**EXERCISE PROMPT**
Type out the lines below exactly, pictures excluded.

┄┄┄┄┄┄┄┄┄┄┄┄┄┄┄┄┄┄┄┄

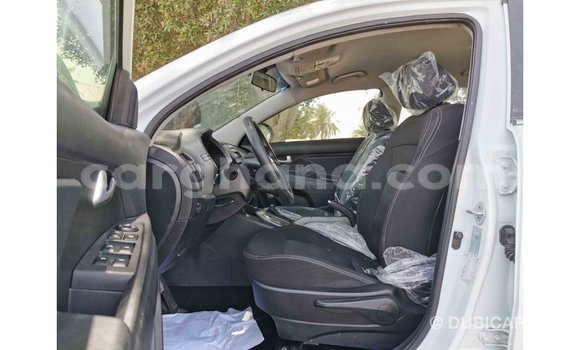 Buy Import Kia Sportage White Car in Import - Dubai in Ashanti Buy Import Kia Sportage White Car in Import - Dubai in Ashanti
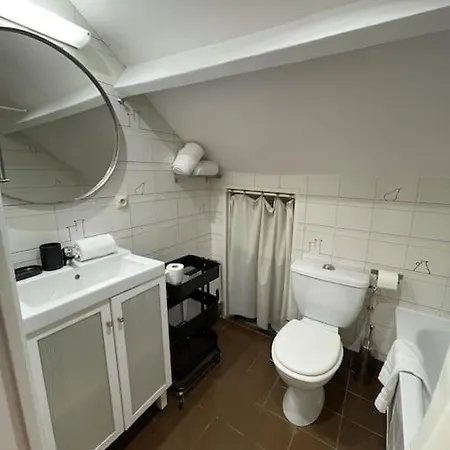 Apartment Cosy Place Des Abbesses-sacre-coeur ! *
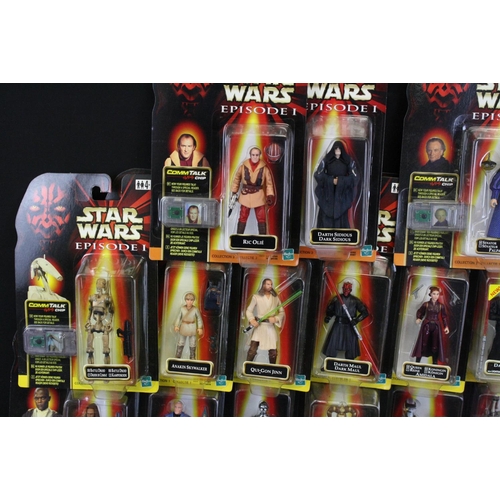 370 - Star Wars - 26 Carded Hasbro Episode I Comm Talk Chip figures plus a Comm Talk, condition vg overall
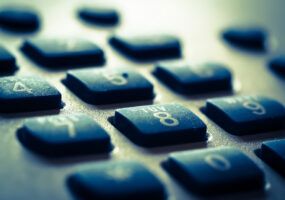 Come sapere a chi appartiene un numero di telefono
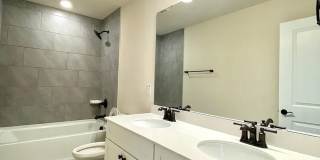 Room in 4 Bedroom Home at Hedge Maple Dr Gallery 1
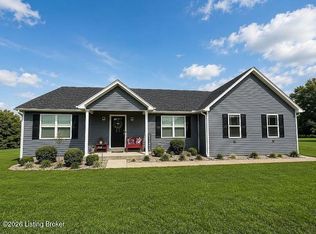 39 Echo Trl, Brandenburg, KY 40108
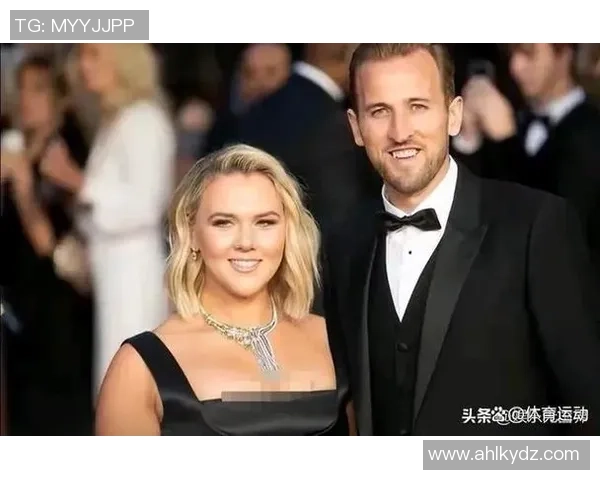 足球明星的妻子如何在荣耀与压力中寻找自我与爱情的平衡之路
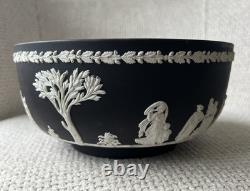 Large Vintage Classic Wedgwood Jasperware Black & white Bowl 1964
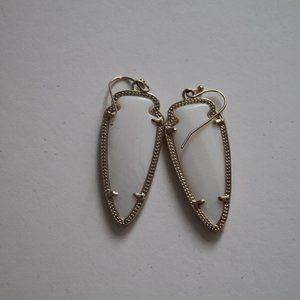 Kendra Scott Pearly white earrings
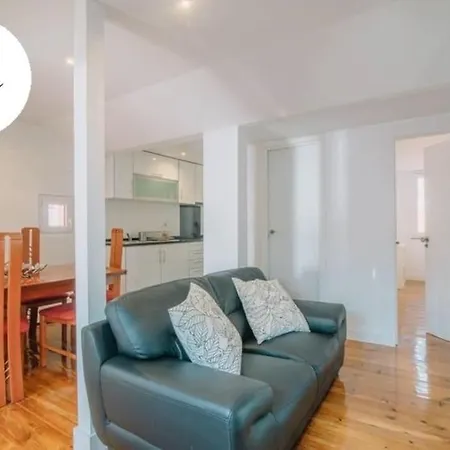 Windows Of Bica-great View Over River Lizbona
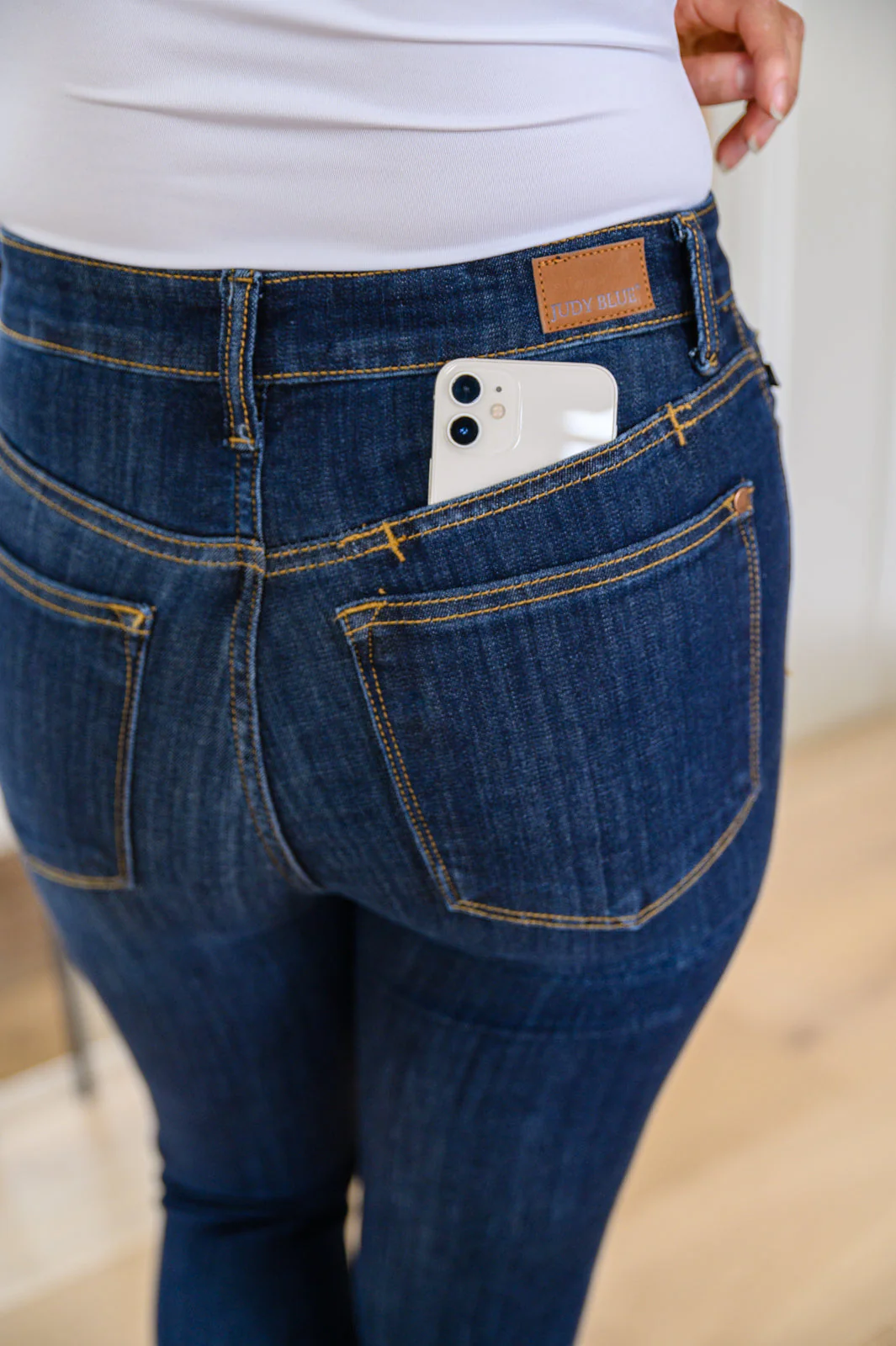 JUDY BLUE Georgia Back Yoke Skinny Jeans with Phone Pocket - Makeswep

┄┄┄┄┄┄┄┄┄┄┄┄┄┄┄┄┄┄┄┄

**ANSWER FOR THIS EXERCISE**
 Buy Import Kia Sportage White Car in Import - Dubai in Ashanti Buy Import Kia Sportage White Car in Import - Dubai in Ashanti
 Apartment Cosy Place Des Abbesses-sacre-coeur ! *
 370 - Star Wars - 26 Carded Hasbro Episode I Comm Talk Chip figures plus a Comm Talk, condition vg overall
 Come sapere a chi appartiene un numero di telefono
 Room in 4 Bedroom Home at Hedge Maple Dr Gallery 1
 39 Echo Trl, Brandenburg, KY 40108
 足球明星的妻子如何在荣耀与压力中寻找自我与爱情的平衡之路
 Large Vintage Classic Wedgwood Jasperware Black & white Bowl 1964
 Kendra Scott Pearly white earrings
 Windows Of Bica-great View Over River Lizbona
 JUDY BLUE Georgia Back Yoke Skinny Jeans with Phone Pocket - Makeswep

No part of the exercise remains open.